Ertesi gün Jackson gün içinde Mark gelir diye tereddütle etrafına bakmıştı ama Mark'ı hiç görememişti bile. Bu onu bir nebze olsun rahatlatıyordu ama bugün Mark'ın ezbere bildiği o güzel yüzünü göremediği için kötü de hissediyordu. Çıkış saati geldiğinde farkında olmadan hızlı hızlı ilerliyordu.

Mark ise yetiştirmesi gereken işleri olduğundan gün boyunca sınıftan çıkamamıştı. Ve gün boyunca yaptığı her şeye küfürler savururken o an tek isteği Jackson ile konuşmaktı. Nihayet çıkış saati geldiğinde kendini hemen dışarı attı. Etrafını süzerken aradığı bedenin hızla ilerlediğini görünce peşinden koşturmaya başladı.

En sonunda kolundan tutup yakaladığında nefes nefese kalmıştı. Jackson arkasına döndüğünde Mark'ı görünce şaşırmıştı. Üstelik okul kıyafetlerinin üstünde olması okulda olduğunu gösterirdi. Aklındaki sormak istediği deli soruları bir rafa kaldırdı ve yüzüne anlamsız bir bakış takındı.

"Neden beklemedin?"

Mark'ın sorusuna karşılık hafifçe alayla güldü. Tabii bunun anlamını Mark anlamayacaktı. Beklemek.. Jackson zaten uzun zamandır bekliyordu.

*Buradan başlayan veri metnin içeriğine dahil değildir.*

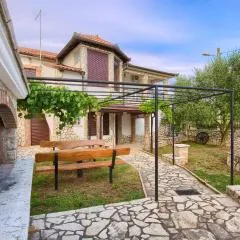 Gorgeous Home In Jadreski With Kitchen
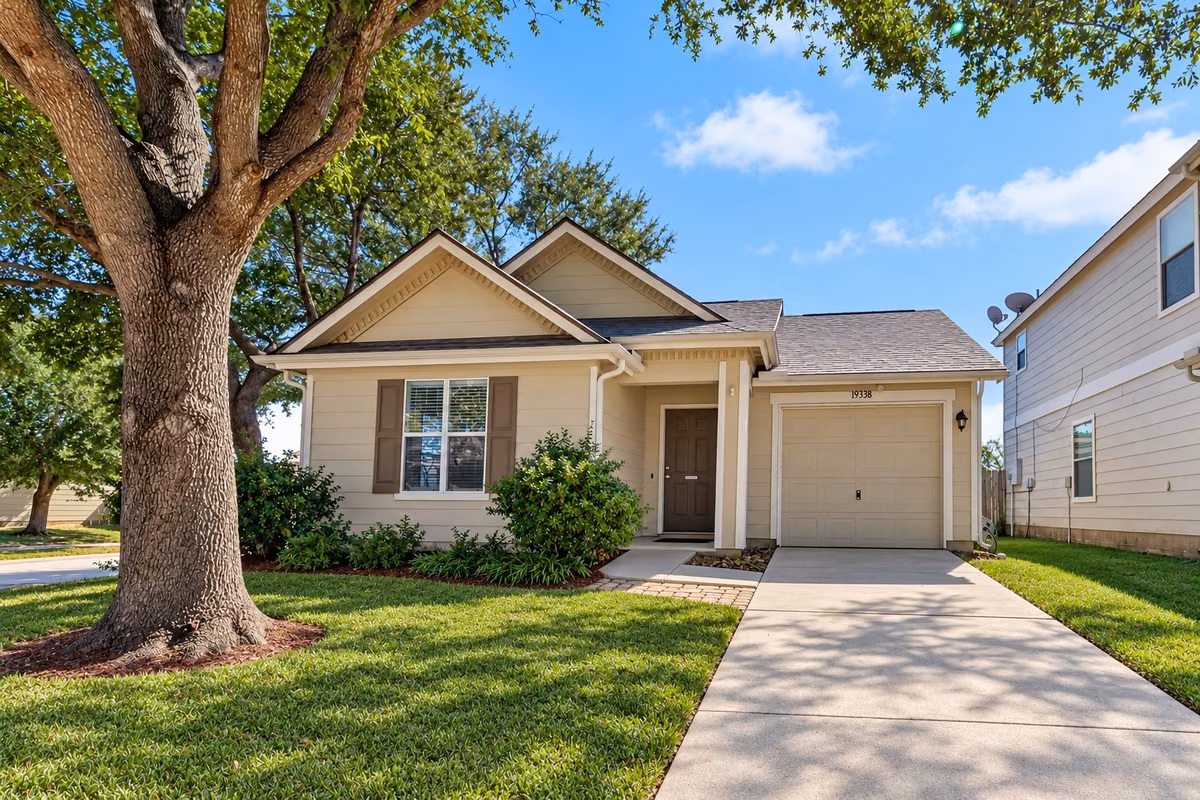 Photo of 19338 Bold River Road, Tomball, TX 77375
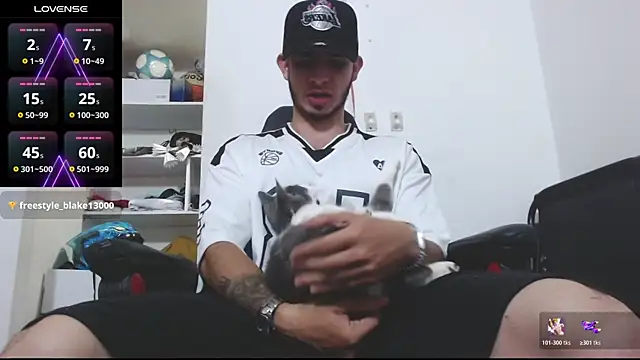 Snapshot of freestyle_blake1 chatting on 28, 10, 2025 freestyle blake1 online show from 28, 10, 2025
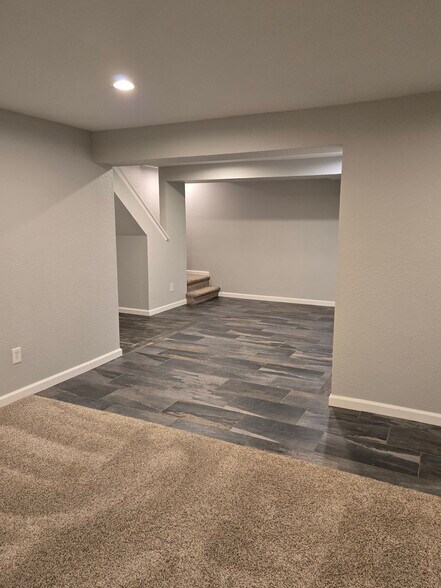 Laundry/Flex Space v3 - 8731 Field Way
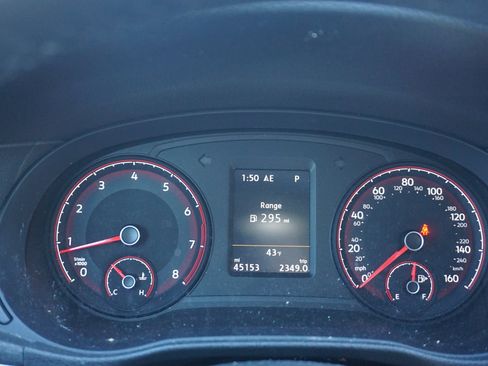 Used 2021 Volkswagen Passat 2.0T S image 9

"Gün içinde gelip konuşsaydın, işim var Mark."

"Gelemedim. Şansıma işte, sınıftan bile çıkamadım."

"Ama bu benim suçum değil ve işim var."

"Bana ayırabileceğin 5 dakika olduğunu düşünüyorum Jackson."

"Yanlış düşünüyorsun."

"Jackson."

Mark, Jackson'ın üzerine doğru birkaç adım daha attı.

"Her şeyden çok daha eminim sen olduğuna. Ne yaparsan yap hislerimin ve düşüncemin yanılmadığına eminim."

Mark'ın derin bakışlarına ve sözlerine karşılık Jackson yutkunmuştu. Ne diyeceğini bilememişti. Öylece bakmaya devam etti.

Mark daha da yaklaştı Jackson'a. Bedenleri arasında az bir mesafe vardı. Hafifçe yüzünü okşadı o narin elleriyle. Jackson'ın nefesi tükenmişti adeta. Mantıklı düşünemiyordu o an. Şu an onun için ömre bedeldi.

Mark, Jackson'ın gözlerinin içine o kadar samimi ve sıcak bakıyordu ki, Jackson iki çift gözde kendini kaybetmişti.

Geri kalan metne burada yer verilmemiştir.